А бой затянулся, и, несмотря на все усилия войск и большую помощь нашей авиации, продвинуться вперед не удалось. К полудню противник ввел столько сил, что вынудил наши части отойти в исходное положение. Вражеская авиация добилась господства в воздухе».

Причины неудач заключались не только в том, что люфтваффе господствовали в воздухе, но и в том, что немцы оборонялись тактически грамотно, хорошо наладив взаимодействие пехоты, артиллерии и немногочисленных танков и штурмовых орудий, оптимально используя свои весьма ограниченные силы и средства. Ведь резервы и средства усиления концентрировались в это время на юге, где готовилось генеральное наступление. Советские же войска еще не умели должным образом наладить взаимодействие родов войск в наступлении. Артиллерия во время артподготовки стреляла главным образом «по площадям» и наносила противнику лишь минимальный урон.

В мемуарах Рокоссовский расценил майские и июльские атаки 16-й армии как бесцельные: «Генералиссимус Суворов придерживался хорошего правила, согласно которому „каждый солдат должен знать свой маневр“. И мне, командующему армией, хотелось тоже знать общую задачу фронта и место армии в этой операции. Такое желание — аксиома в военном деле. Не мог же я удовлетвориться преподнесенной мне комфронтом формулировкой задачи — „изматывать противника“, осознавая и видя, что мы изматываем прежде всего себя».

В начале июля Рокоссовского назначили командовать Брянским фронтом. В связи с этим, по всей видимости, произошла первая встреча Константина Константиновича со Сталиным. Согласно записи в журнале посещений, в первый раз в кремлевском кабинете вождя Рокоссовский оказался 13 июля 1942 года. Тут следует оговориться, что Сталин принимал своих подчиненных не только в кремлевском кабинете, но и на своих дачах, а также в кремлевской квартире. Однако регистрация посетителей велась только в кремлевском кабинете. Поэтому не исключено, что Рокоссовский встречался со Сталиным чаще, чем это указано в кремлевском журнале.

На Брянском фронте Рокоссовский отразил попытки немцев продвинуться вдоль Дона на север. Но в целом это направление летней кампании 1942 года оказалось второстепенным. Основные события развертывались сначала под Воронежем, а потом — на Сталинградском и Кавказском направлениях.

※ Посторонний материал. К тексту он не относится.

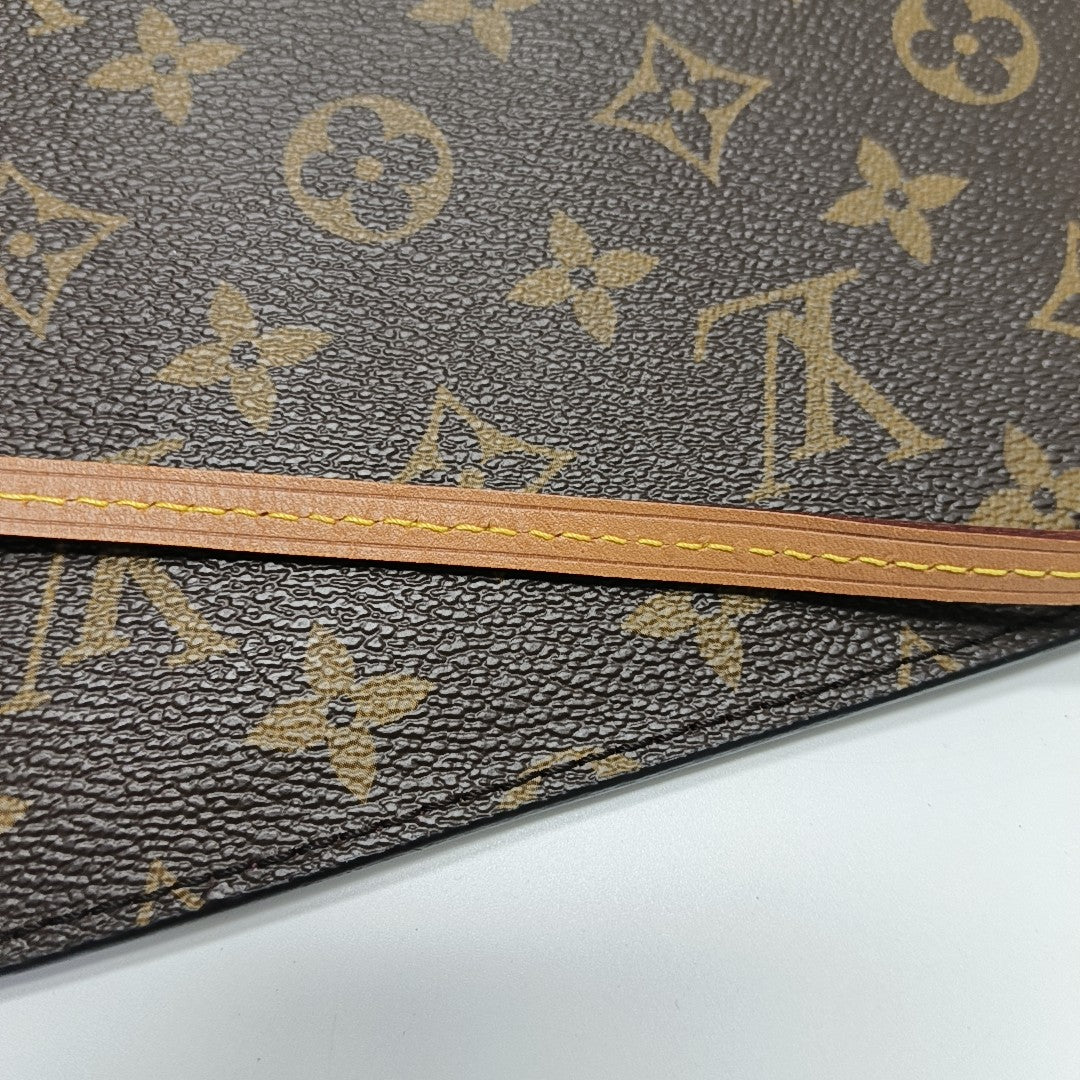 NEVERFULL MM Monogram Coated Canvas Brown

Об обстоятельствах своего назначения Константин Константинович так вспоминал в неопубликованной при жизни части мемуаров:

«Продвинуться вперед нашим войскам не удалось. Наступательные действия 16-й армии закончились. По приказу фронта она перешла к обороне.

Наконец-то!.. Только все же слишком поздно. Немецко-фашистские войска к этому времени, пополнив части людьми, вооружением и техникой и подтянув свежие соединения с запада, сами перешли в наступление, взяв инициативу в свои руки. Красная Армия, истощенная непрерывными наступательными действиями зимой и весной 1942 года, не в состоянии была помешать им.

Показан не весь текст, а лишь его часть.